Exercise objective: Nothing but the lines from the one containing "Faded Pink - Front" through the end of the data should be retyped, exactly as they stand, and pictures should not be retyped.
[Given records]
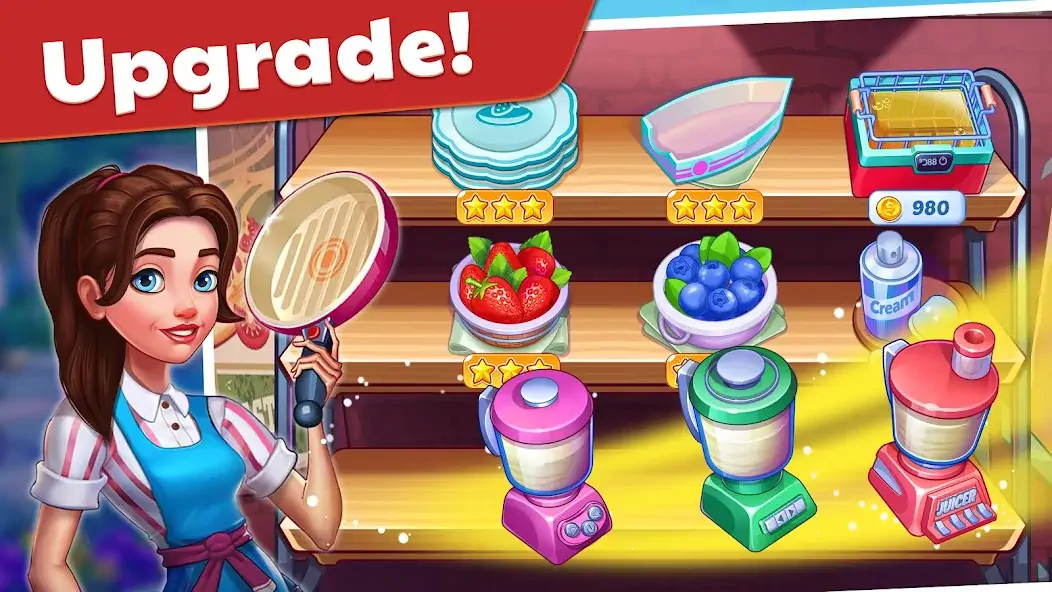 Download American Cooking Star Games MOD [Unlimited money/gems] + MOD [Menu] APK for Android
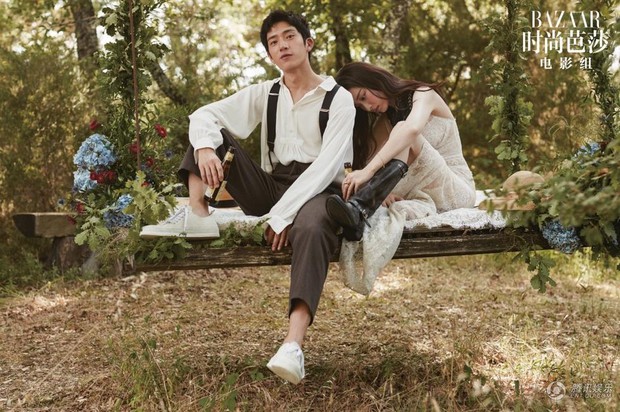 Bộ ảnh mới của Nghê Ni - Tỉnh Bách Nhiên khiến bất cứ cô nàng nào cũng ước mong một tình yêu đẹp đến nhường này! - Ảnh 6.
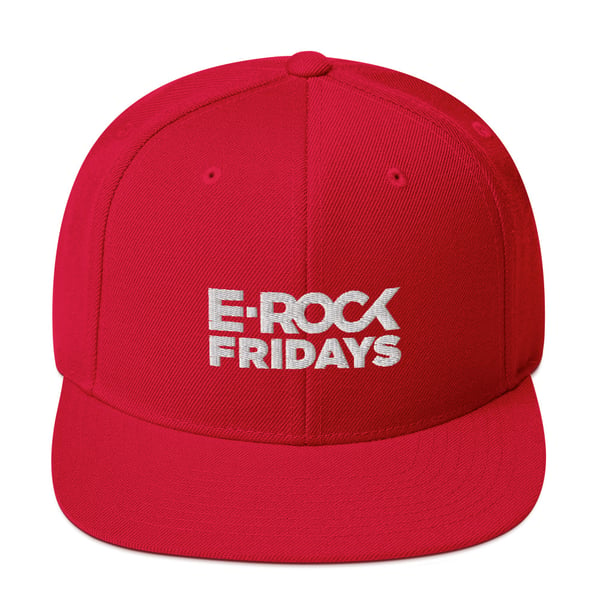 Image of E-Rock Fridays 2020 Snapback Hat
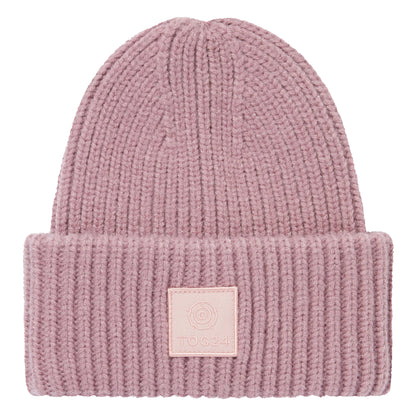 Faded Pink - Front - TOG24 Jendon Knitted Beanie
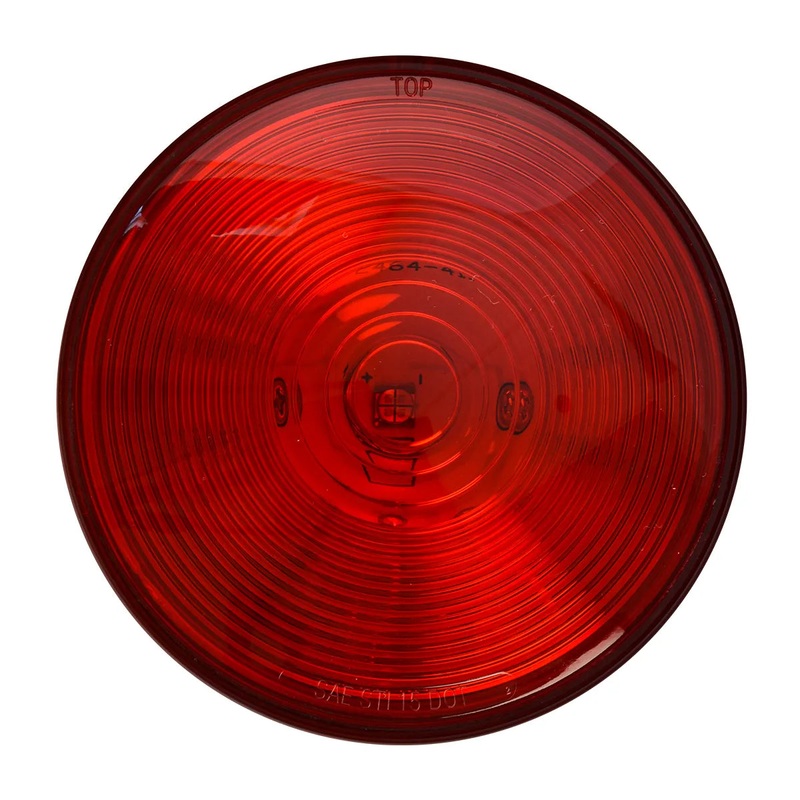 4 RED/RED 1 LED SEALED S/T/T LIGHT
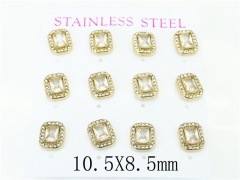 Stainless Steel Jewelry Wholesale - Stainless Steel Earrings - HY59E1041JHS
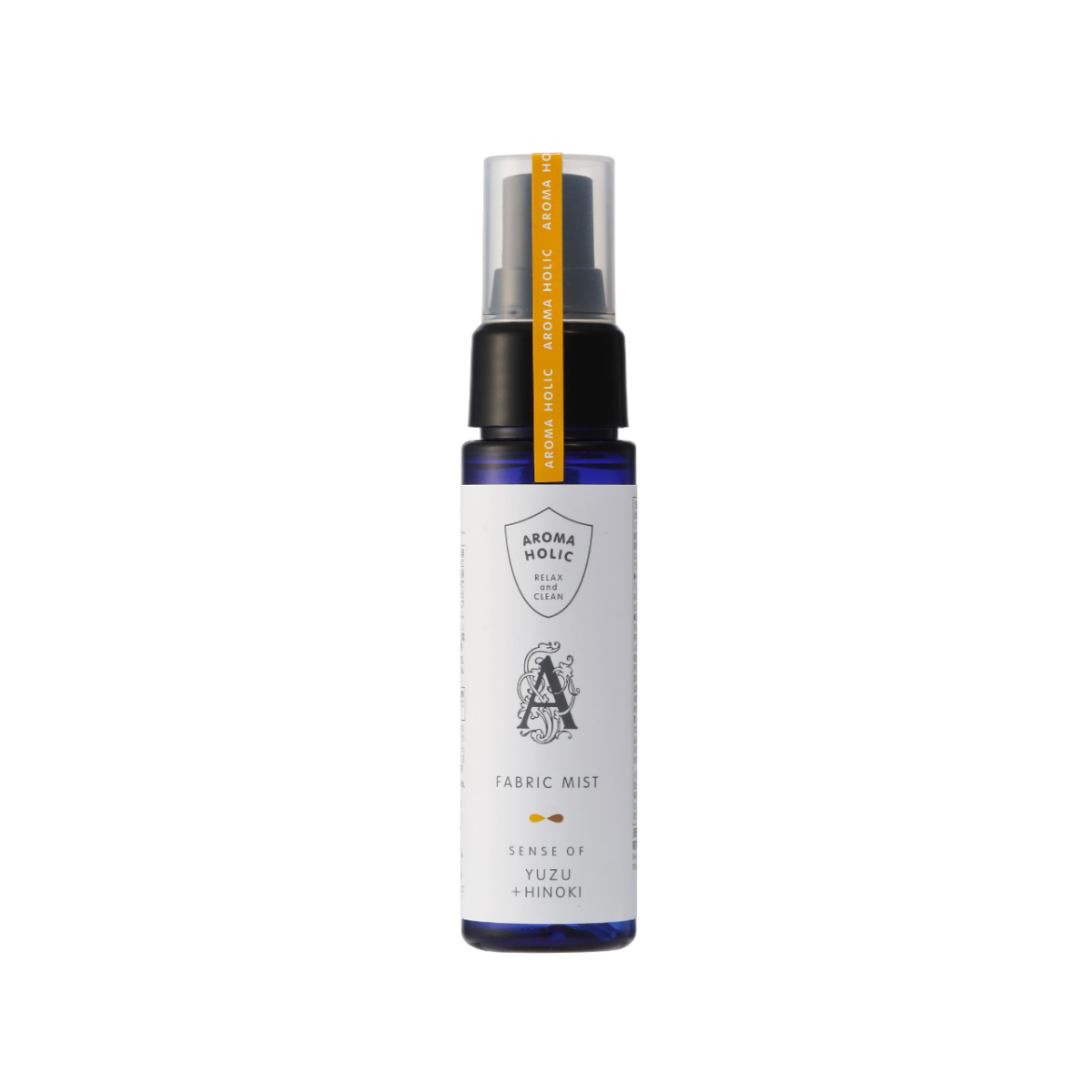 AROMA HOLIC Spray para tejidos Yuzu y Hinoki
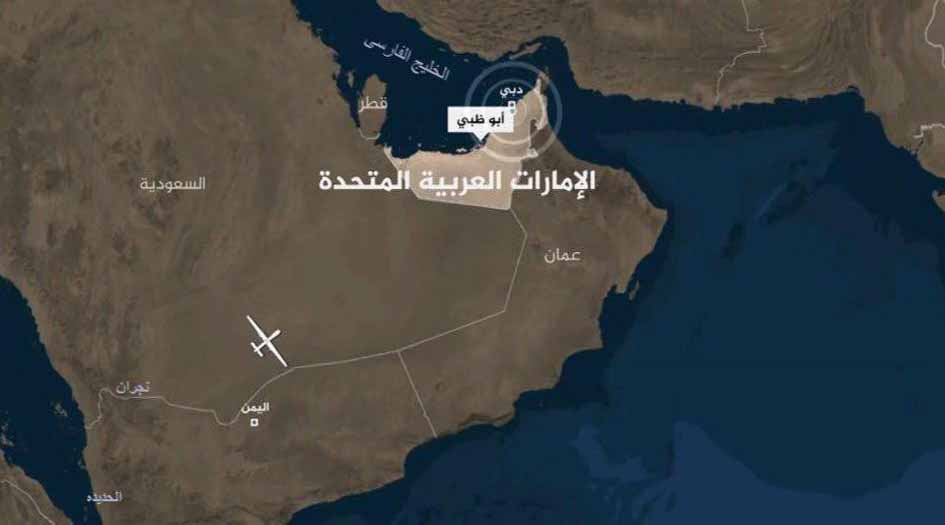 فرودگاه «دبی» هدف حمله پهپادی یمن قرار گرفت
[/Given records]
Solution for this exercise:
 Faded Pink - Front - TOG24 Jendon Knitted Beanie
 4 RED/RED 1 LED SEALED S/T/T LIGHT
 Stainless Steel Jewelry Wholesale - Stainless Steel Earrings - HY59E1041JHS
 AROMA HOLIC Spray para tejidos Yuzu y Hinoki
 فرودگاه «دبی» هدف حمله پهپادی یمن قرار گرفت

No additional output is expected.